Please repeat word for word the line containing "Chameleons have a" and every following line up to and including the last one below, pictures excluded.

Stored data entries
____
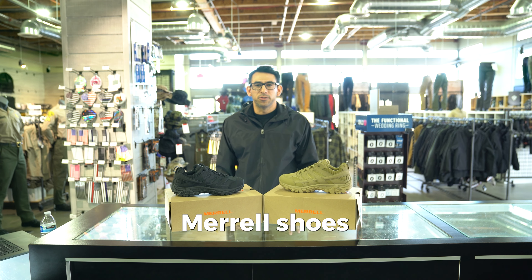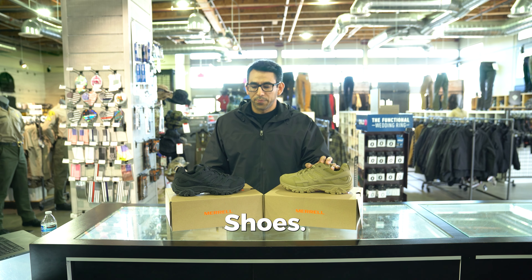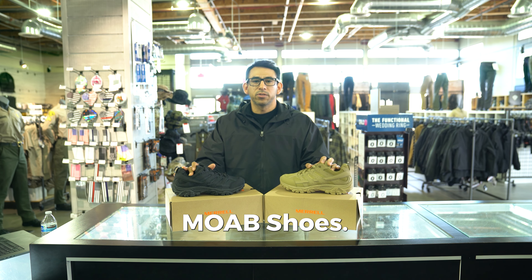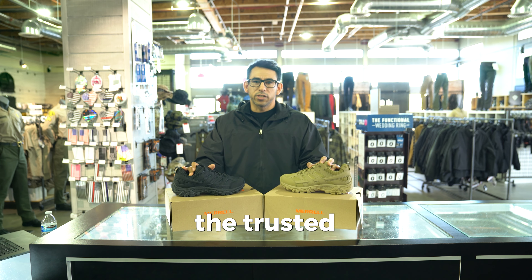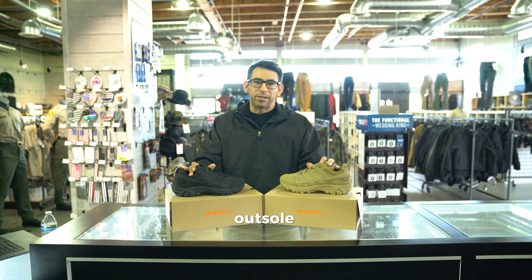Don't miss out on these closeout Merrill shoes at LA Police Gear. These are the Merrill Moab 2 tactical shoes, available in black and coyote at an amazing closeout price. Most people know the highly popular Moab shoes, and for good reason — you get the trusted high quality and features you expect from Merrill, along with the Vibram outsole.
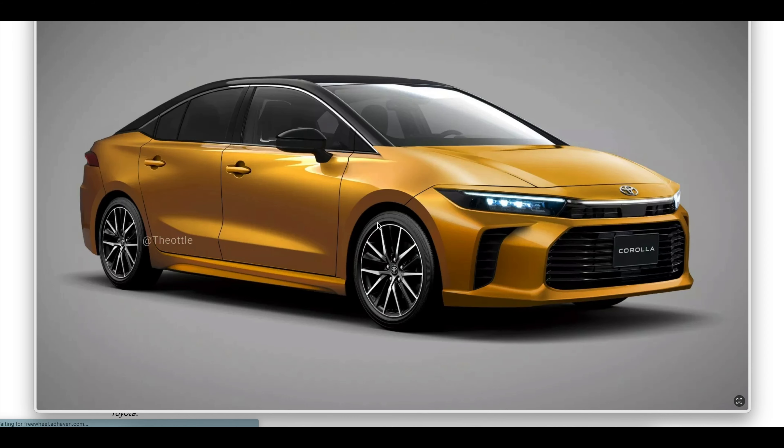Hey everybody, it's Future Friday and today we're going to be talking about the all-new version of the Corolla and what we think this 2025 model could look like. Let's get to it.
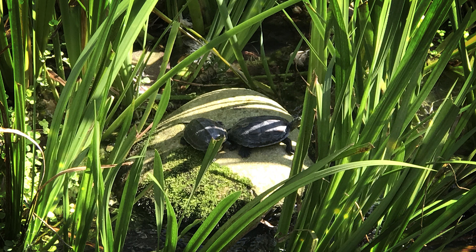Chameleons have a distinctive appearance with a laterally compressed body, a long tail, and specialized feet. They have five toes on each foot, which are grouped into two opposing pinchers on each side, adapted for grasping branches and climbing. Their independently mobile eyes can rotate and focus on different objects simultaneously, providing excellent 360-degree vision. Chameleons are primarily arboreal reptiles, although some species are found in bushes and low vegetation. They are often associated with tropical and subtropical forests, but they inhabit a variety of environments, including deserts and savannas. Chameleons are primarily insectivorous, feeding on a diet of insects, spiders, and other small invertebrates. Some larger species may also eat small vertebrates such as birds or other lizards. Their long, sticky tongue can extend rapidly to capture prey from a distance. Chameleons are generally solitary and territorial animals. They are known for their slow and deliberate movements, which help them remain inconspicuous to potential predators and prey. When threatened, they may inflate their body and open their mouth to appear larger, and some species may hiss or make other vocalizations.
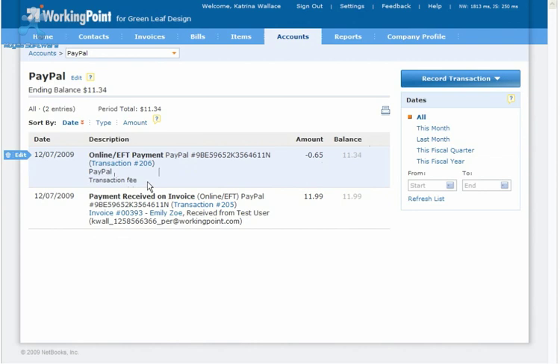As you can see here, WorkingPoint records the PayPal reference number, a link to the transaction details, the PayPal account name, and the transaction memo: transaction fee.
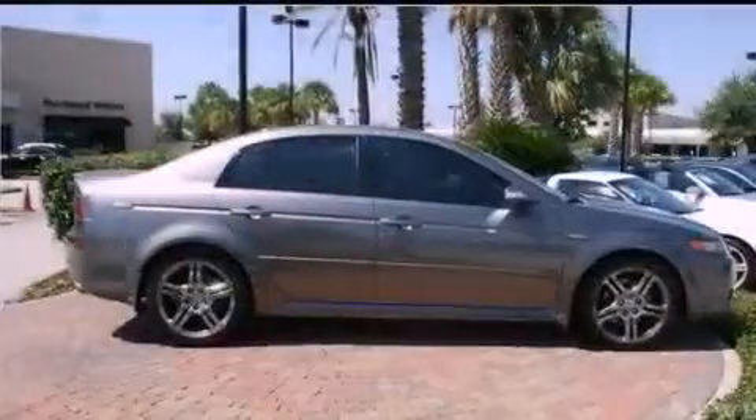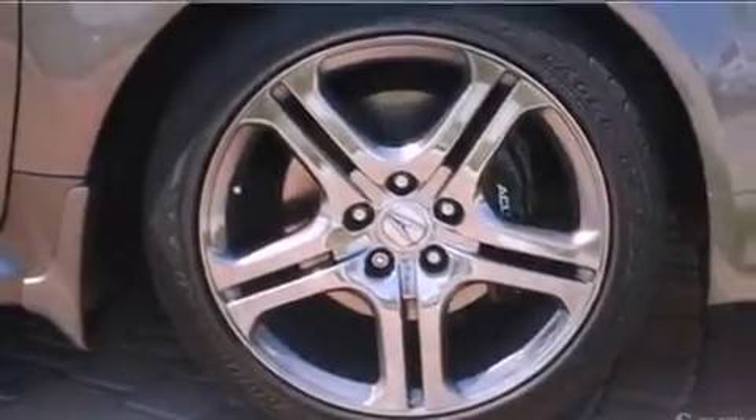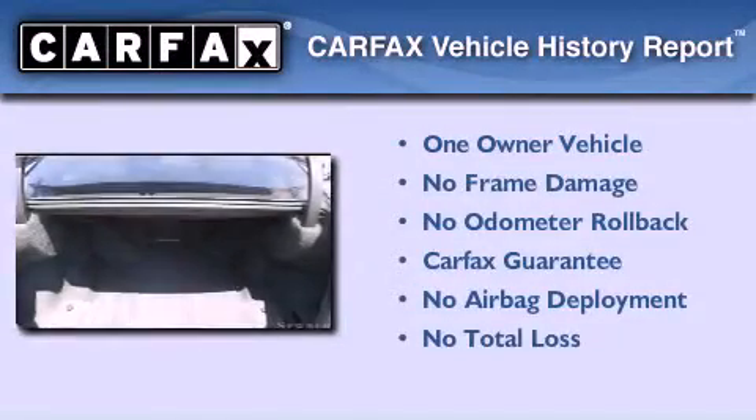With an EPA estimated rating of 28 miles per gallon on the highway, this automobile helps leave money in your pocket where you want it. This Acura has had only one owner, and it qualifies for the Carfax buyback guarantee.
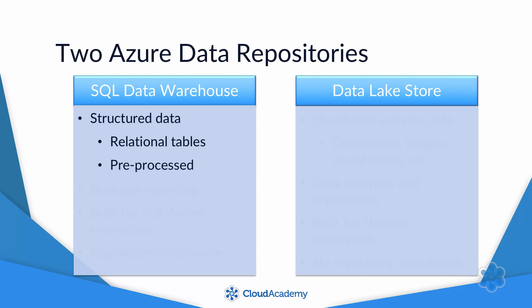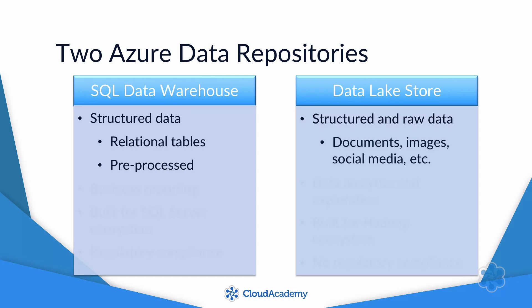Data Lake Store, on the other hand, will store any kind of data, whether it's structured or not. For example, you could store everything from documents to images to social media streams. Data Warehouses are generally used for business reporting, while Data Lakes are more often used for data analytics and exploration.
____
RESPONSE TO THE TASK
Chameleons have a distinctive appearance with a laterally compressed body, a long tail, and specialized feet. They have five toes on each foot, which are grouped into two opposing pinchers on each side, adapted for grasping branches and climbing. Their independently mobile eyes can rotate and focus on different objects simultaneously, providing excellent 360-degree vision. Chameleons are primarily arboreal reptiles, although some species are found in bushes and low vegetation. They are often associated with tropical and subtropical forests, but they inhabit a variety of environments, including deserts and savannas. Chameleons are primarily insectivorous, feeding on a diet of insects, spiders, and other small invertebrates. Some larger species may also eat small vertebrates such as birds or other lizards. Their long, sticky tongue can extend rapidly to capture prey from a distance. Chameleons are generally solitary and territorial animals. They are known for their slow and deliberate movements, which help them remain inconspicuous to potential predators and prey. When threatened, they may inflate their body and open their mouth to appear larger, and some species may hiss or make other vocalizations.
As you can see here, WorkingPoint records the PayPal reference number, a link to the transaction details, the PayPal account name, and the transaction memo: transaction fee.
With an EPA estimated rating of 28 miles per gallon on the highway, this automobile helps leave money in your pocket where you want it. This Acura has had only one owner, and it qualifies for the Carfax buyback guarantee.
Data Lake Store, on the other hand, will store any kind of data, whether it's structured or not. For example, you could store everything from documents to images to social media streams. Data Warehouses are generally used for business reporting, while Data Lakes are more often used for data analytics and exploration.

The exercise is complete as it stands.